A Design-of-Experiments-Based Approach for Efficient Estimation of Bimodal Gaussian Mixture Weights
Author(s) -
Gustavo S. Leal,
Lupercio F. Bessegato,
Yasmin S. M. Xavier,
Farid Melgani,
Pedro P. Balestrassi
Publication year - 2025
Publication title -
ieee access
Language(s) - English
Resource type - Magazines
SCImago Journal Rank - 0.587
H-Index - 127
eISSN - 2169-3536
DOI - 10.1109/access.2025.3614023
Subject(s) - aerospace , bioengineering , communication, networking and broadcast technologies , components, circuits, devices and systems , computing and processing , engineered materials, dielectrics and plasmas , engineering profession , fields, waves and electromagnetics , general topics for engineers , geoscience , nuclear engineering , photonics and electrooptics , power, energy and industry applications , robotics and control systems , signal processing and analysis , transportation
Normal mixture models are widely used to represent data arising from latent subpopulations.

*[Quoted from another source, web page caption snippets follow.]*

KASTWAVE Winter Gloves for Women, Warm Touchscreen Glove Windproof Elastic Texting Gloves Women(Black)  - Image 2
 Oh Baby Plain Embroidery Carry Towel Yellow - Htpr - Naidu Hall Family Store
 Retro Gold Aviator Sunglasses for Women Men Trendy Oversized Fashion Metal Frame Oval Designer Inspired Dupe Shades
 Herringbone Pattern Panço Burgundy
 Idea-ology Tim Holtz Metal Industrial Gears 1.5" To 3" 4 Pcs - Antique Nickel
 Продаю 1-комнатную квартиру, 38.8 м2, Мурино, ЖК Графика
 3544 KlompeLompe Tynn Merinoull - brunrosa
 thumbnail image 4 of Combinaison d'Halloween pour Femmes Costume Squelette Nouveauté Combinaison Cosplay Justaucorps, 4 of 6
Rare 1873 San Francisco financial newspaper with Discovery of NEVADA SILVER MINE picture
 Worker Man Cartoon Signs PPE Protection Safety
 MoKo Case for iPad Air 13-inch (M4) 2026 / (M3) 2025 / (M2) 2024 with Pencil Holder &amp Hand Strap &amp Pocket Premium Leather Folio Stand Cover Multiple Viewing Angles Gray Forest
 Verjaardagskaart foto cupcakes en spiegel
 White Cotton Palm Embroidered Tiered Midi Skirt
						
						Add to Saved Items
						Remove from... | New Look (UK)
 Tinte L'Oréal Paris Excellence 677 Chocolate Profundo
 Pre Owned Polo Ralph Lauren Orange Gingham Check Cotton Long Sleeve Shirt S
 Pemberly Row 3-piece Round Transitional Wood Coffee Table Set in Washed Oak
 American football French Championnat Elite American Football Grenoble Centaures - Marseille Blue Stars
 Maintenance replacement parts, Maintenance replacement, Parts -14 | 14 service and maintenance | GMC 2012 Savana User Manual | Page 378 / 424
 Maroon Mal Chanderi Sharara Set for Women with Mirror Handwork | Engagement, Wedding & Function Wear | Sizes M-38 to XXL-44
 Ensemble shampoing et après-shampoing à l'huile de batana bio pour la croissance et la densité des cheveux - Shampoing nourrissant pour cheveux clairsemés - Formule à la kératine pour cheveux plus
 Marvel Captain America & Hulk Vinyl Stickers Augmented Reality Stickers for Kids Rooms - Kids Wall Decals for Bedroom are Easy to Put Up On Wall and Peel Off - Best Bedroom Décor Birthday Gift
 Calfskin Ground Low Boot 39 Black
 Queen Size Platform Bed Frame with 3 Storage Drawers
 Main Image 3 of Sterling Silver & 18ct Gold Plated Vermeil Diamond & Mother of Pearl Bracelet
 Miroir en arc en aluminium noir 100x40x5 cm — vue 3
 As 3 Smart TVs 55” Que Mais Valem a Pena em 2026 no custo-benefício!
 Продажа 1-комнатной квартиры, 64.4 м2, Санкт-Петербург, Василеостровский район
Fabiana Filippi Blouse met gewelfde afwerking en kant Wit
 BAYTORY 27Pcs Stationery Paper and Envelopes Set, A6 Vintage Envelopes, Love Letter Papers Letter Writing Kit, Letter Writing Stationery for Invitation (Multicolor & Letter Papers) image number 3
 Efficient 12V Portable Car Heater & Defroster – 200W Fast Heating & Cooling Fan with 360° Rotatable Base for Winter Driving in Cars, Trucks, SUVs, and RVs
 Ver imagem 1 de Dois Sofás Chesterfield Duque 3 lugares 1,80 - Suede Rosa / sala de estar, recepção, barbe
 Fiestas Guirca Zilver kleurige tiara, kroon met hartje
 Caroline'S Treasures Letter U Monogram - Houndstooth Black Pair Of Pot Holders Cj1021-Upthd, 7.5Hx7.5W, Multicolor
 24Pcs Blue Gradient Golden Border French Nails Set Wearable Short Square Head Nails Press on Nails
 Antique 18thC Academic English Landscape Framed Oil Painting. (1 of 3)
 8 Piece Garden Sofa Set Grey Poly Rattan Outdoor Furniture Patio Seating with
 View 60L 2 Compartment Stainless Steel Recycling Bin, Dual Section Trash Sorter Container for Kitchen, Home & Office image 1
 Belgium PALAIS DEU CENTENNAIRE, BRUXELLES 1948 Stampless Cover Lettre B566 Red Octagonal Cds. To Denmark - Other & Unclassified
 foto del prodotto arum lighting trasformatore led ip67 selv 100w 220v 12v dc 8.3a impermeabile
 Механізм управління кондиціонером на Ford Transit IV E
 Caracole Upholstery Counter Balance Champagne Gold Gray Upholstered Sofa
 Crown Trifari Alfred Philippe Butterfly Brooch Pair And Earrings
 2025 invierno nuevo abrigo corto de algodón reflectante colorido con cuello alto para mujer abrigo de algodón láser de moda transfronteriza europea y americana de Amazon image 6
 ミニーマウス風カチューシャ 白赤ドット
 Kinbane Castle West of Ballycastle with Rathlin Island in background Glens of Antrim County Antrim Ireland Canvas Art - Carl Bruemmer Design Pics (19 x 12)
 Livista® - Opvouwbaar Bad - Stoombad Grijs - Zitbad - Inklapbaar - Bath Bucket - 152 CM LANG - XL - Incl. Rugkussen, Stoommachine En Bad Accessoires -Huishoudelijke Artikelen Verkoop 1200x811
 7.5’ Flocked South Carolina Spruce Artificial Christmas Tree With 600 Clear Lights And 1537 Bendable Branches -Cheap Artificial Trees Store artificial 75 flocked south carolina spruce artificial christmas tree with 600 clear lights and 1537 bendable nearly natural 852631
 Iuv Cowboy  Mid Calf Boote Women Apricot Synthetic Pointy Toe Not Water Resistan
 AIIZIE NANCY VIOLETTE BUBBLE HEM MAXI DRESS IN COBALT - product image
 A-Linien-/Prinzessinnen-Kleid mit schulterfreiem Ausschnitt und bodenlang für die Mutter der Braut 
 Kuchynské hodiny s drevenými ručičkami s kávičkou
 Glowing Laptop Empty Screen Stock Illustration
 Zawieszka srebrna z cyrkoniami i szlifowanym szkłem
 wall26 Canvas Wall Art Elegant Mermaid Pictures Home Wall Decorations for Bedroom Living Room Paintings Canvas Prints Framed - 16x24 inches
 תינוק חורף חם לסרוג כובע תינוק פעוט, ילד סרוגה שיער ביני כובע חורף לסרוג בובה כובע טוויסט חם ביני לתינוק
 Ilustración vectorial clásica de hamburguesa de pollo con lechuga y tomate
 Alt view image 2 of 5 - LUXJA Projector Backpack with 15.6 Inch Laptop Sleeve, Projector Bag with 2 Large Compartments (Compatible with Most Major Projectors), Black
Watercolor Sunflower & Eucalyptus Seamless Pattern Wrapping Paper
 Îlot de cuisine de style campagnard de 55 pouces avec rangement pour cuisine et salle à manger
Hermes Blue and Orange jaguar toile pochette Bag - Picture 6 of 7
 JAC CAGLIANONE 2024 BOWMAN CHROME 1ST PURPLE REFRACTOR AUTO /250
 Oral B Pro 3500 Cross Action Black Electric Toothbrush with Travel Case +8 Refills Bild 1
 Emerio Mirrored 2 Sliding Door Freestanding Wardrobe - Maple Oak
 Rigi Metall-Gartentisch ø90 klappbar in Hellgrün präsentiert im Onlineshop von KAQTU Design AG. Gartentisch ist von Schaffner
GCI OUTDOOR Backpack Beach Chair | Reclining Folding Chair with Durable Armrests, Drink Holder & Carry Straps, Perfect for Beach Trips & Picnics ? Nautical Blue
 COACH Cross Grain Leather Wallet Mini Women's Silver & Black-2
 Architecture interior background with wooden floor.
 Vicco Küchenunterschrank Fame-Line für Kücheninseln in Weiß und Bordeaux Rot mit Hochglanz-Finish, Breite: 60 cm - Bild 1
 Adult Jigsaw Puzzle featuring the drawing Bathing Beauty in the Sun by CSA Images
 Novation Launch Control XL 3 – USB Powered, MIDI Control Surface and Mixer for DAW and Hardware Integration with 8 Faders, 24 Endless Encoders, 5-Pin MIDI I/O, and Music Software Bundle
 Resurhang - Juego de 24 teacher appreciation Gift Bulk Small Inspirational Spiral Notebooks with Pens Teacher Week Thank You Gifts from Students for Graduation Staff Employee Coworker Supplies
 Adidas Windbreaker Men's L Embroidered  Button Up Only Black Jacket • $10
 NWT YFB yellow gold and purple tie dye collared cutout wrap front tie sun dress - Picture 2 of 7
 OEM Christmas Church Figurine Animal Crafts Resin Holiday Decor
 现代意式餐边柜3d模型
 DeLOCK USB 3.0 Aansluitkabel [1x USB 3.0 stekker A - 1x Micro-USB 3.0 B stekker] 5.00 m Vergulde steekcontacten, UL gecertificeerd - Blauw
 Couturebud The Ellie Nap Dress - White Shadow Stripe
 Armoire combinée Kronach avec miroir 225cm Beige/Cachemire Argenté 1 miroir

We propose a Design-of-Experiments (DOE) and Response Surface Methodology (RSM) framework to estimate the weights of a bimodal Gaussian mixture when component families are known. The procedure is non-iterative: rather than alternating Expectation Maximization (EM) steps, it performs a double-stage method - fit a quadratic response surface to the sample log-likelihood over the weight simplex and solve one constrained optimization - followed by a final Maximum Likelihood re-estimation of means and variances. This yields predictable runtime (driven by design size) and reduced sensitivity to initialization. The pipeline uses (i) k-medians to obtain preliminary component parameters and 99% confidence intervals (CIs) for component proportions; (ii) builds a simplex-lattice mixture design within those CI bounds; (iii) fits a quadratic response surface to log-likelihood; and (iv) optimizes this surface under sum-to-one constraints. We validate the method in 27 Monte Carlo scenarios (n = 100, 500, 1000; low/medium/high differentiation and three weight settings). In medium/high separation, it attains comparable likelihoods to EM while achieving more favorable BIC in multiple scenarios and indistinguishable AIC in many, whereas EM is preferable under low separation. Two real data sets - Old Faithful (Waiting variable) and Photovoltaic Energy (Production variable) - further confirm applicability, with lower AIC/BIC in Old Faithful and lower BIC in PV; clustering agreement is high (κ ≈ 0.99 - 1.00). Overall, DOE-RSM offers a simple, interpretable, and often more parsimonious method, and constitutes a non-iterative alternative for mixture-weight estimation.